| Assignment |
After reading the entries below, copy word for word the lines from the first through the line containing "Серый Рено Латитьюд, объемом", and stop there.

Crawled caption data:

···

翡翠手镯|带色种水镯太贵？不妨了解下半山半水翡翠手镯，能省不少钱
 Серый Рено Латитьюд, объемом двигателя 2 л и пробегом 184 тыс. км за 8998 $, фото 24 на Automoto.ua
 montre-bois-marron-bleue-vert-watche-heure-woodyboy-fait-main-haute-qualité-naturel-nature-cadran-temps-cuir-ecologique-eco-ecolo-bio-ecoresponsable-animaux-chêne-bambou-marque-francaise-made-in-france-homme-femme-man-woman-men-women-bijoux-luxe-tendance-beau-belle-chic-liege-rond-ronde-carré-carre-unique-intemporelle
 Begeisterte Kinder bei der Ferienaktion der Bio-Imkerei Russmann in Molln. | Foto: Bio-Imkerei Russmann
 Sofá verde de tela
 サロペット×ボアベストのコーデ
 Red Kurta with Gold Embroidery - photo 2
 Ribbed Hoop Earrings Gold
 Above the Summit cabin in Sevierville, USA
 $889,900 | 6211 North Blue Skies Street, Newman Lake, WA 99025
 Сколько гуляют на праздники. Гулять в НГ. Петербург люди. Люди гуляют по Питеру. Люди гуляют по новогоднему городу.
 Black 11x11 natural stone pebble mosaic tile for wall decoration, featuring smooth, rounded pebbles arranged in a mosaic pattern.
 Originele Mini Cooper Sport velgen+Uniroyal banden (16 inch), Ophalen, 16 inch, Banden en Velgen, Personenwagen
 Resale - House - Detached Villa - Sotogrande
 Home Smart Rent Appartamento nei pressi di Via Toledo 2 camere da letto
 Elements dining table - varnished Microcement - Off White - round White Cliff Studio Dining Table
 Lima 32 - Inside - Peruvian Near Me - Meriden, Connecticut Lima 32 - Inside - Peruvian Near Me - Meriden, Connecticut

···

| Task response |
翡翠手镯|带色种水镯太贵？不妨了解下半山半水翡翠手镯，能省不少钱
 Серый Рено Латитьюд, объемом двигателя 2 л и пробегом 184 тыс. км за 8998 $, фото 24 на Automoto.ua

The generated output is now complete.